** Entries provided follows **

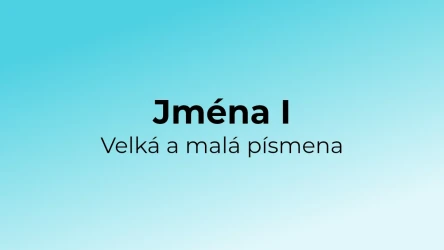 Kvíz: Jména - velká a malá písmena (1)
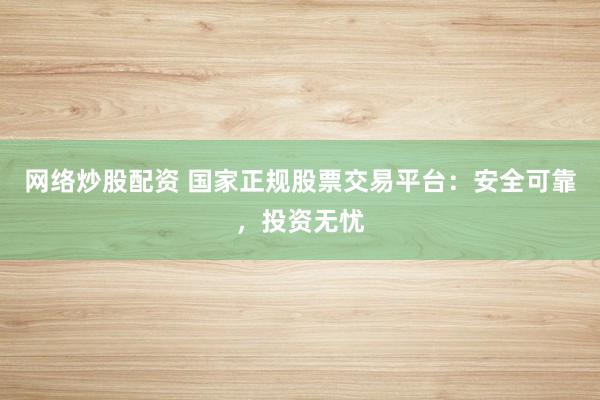 网络炒股配资 国家正规股票交易平台：安全可靠，投资无忧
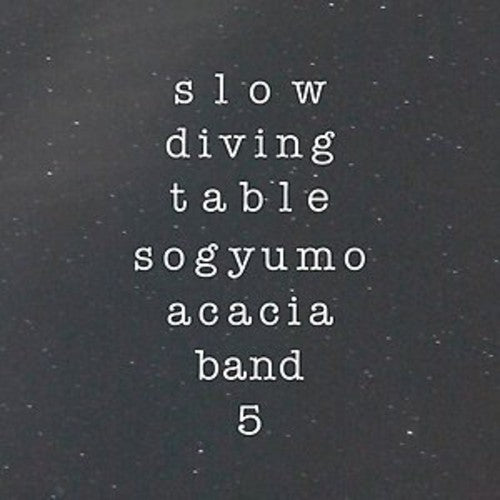 Sogyumo Acacia Band: Slow Diving Table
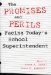 The Promises and Perils Facing Today's School Superintendent cover
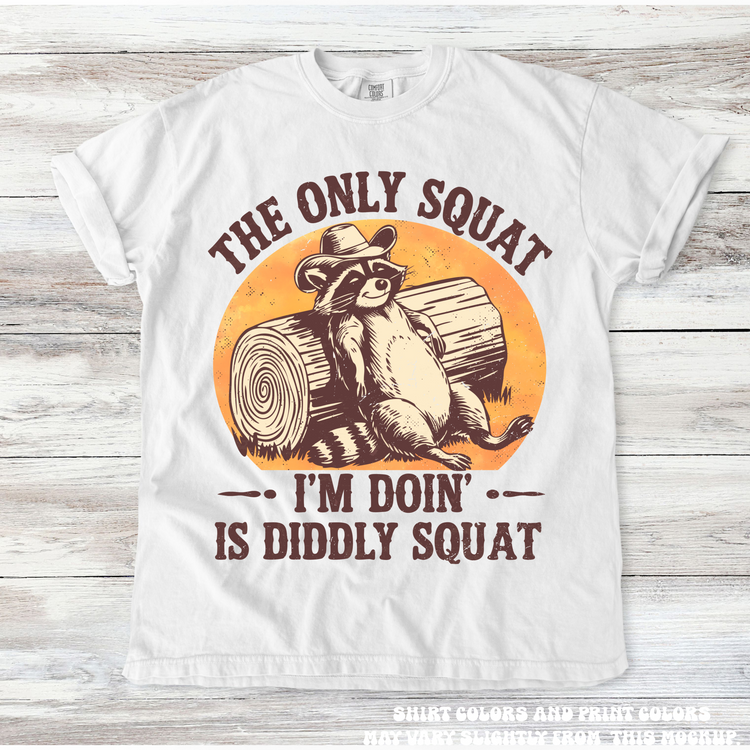 The Only Squat I'm Doing Is Diddley Squat Racoon Tee - Printed On Comfort Colors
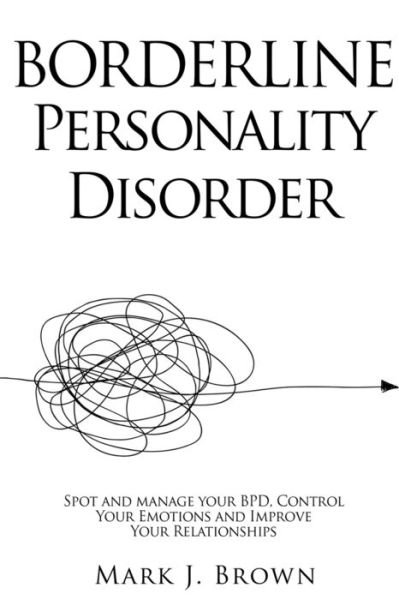 Borderline Personality Disorder - Mark J Brown - Bøger - Independently Published - 9798691854897 - 29. september 2020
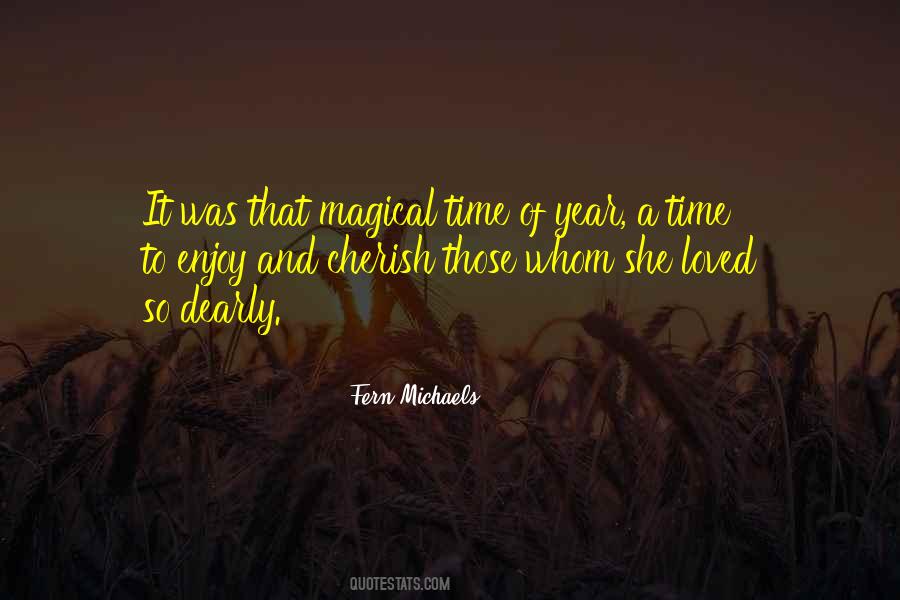 Quotes About Cherish Your Loved Ones #1555040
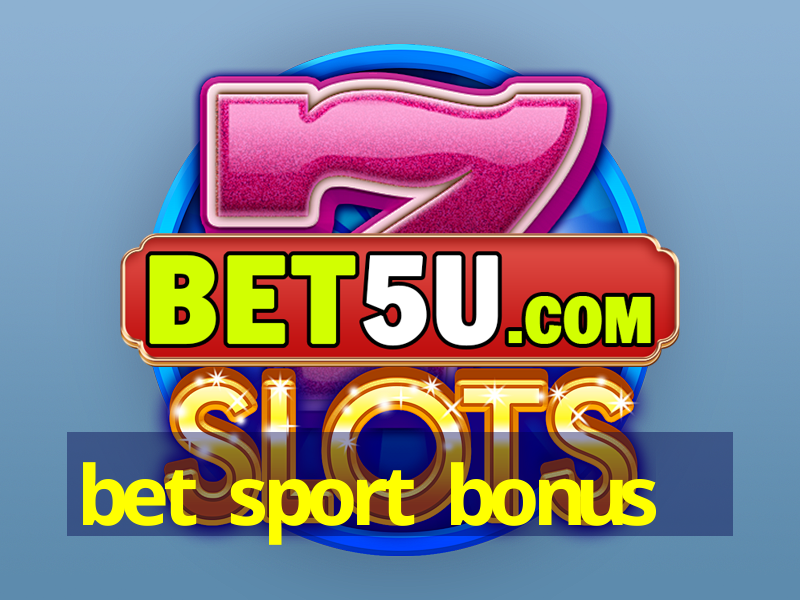 bet sport bonus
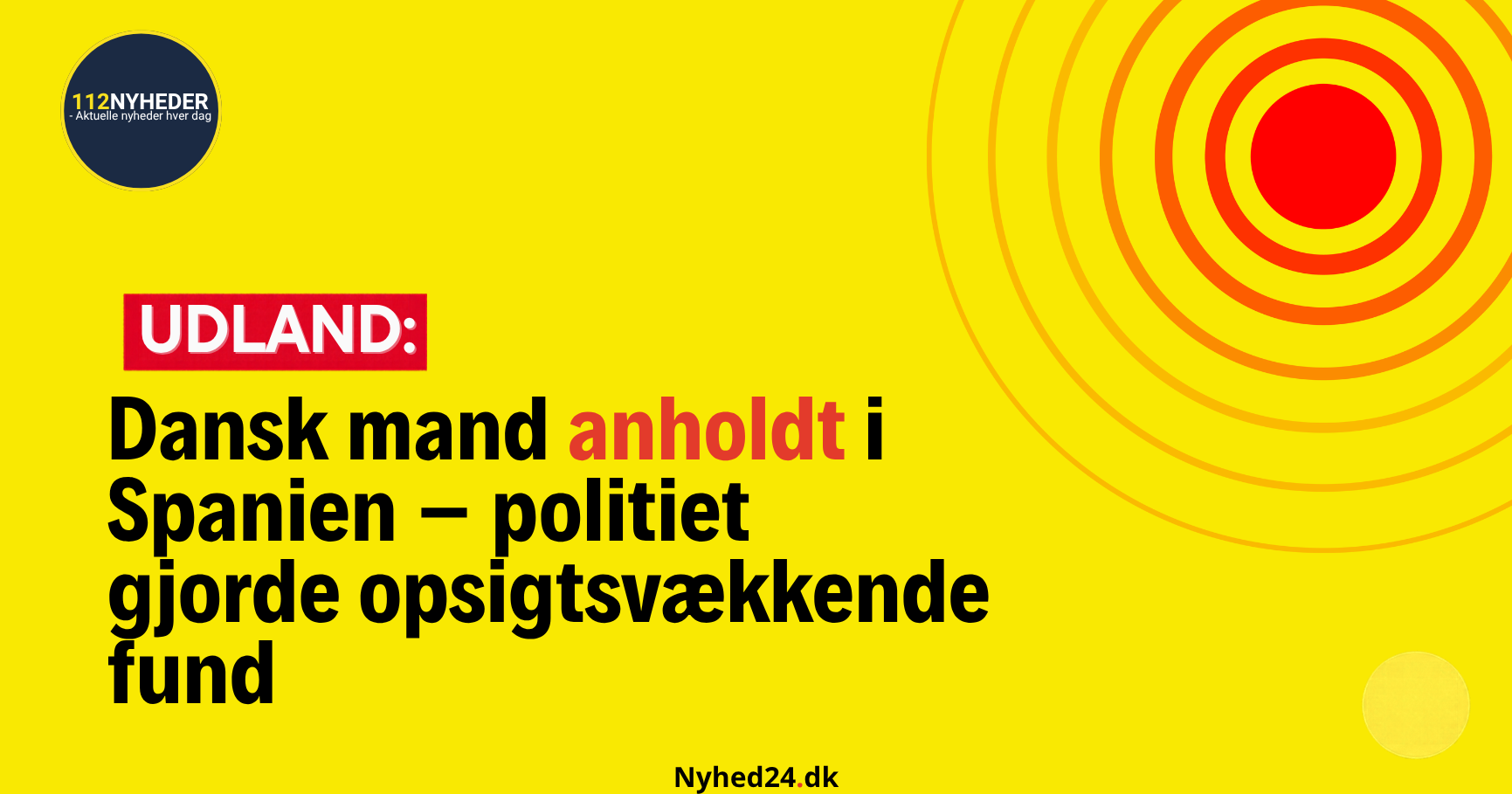 Dansk mand anholdt i Spanien – politiet gjorde opsigtsvækkende fund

** End of Entries provided **

--- Work request ---
Copy exactly what appears in the entries, beginning with the first line and ending with the line that has "bet sport bonus", but not the pictures.

--- Task answer ---
 Kvíz: Jména - velká a malá písmena (1)
 网络炒股配资 国家正规股票交易平台：安全可靠，投资无忧
 Sogyumo Acacia Band: Slow Diving Table
 The Promises and Perils Facing Today's School Superintendent cover
 The Only Squat I'm Doing Is Diddley Squat Racoon Tee - Printed On Comfort Colors
 Borderline Personality Disorder - Mark J Brown - Bøger - Independently Published - 9798691854897 - 29. september 2020
 Quotes About Cherish Your Loved Ones #1555040
 bet sport bonus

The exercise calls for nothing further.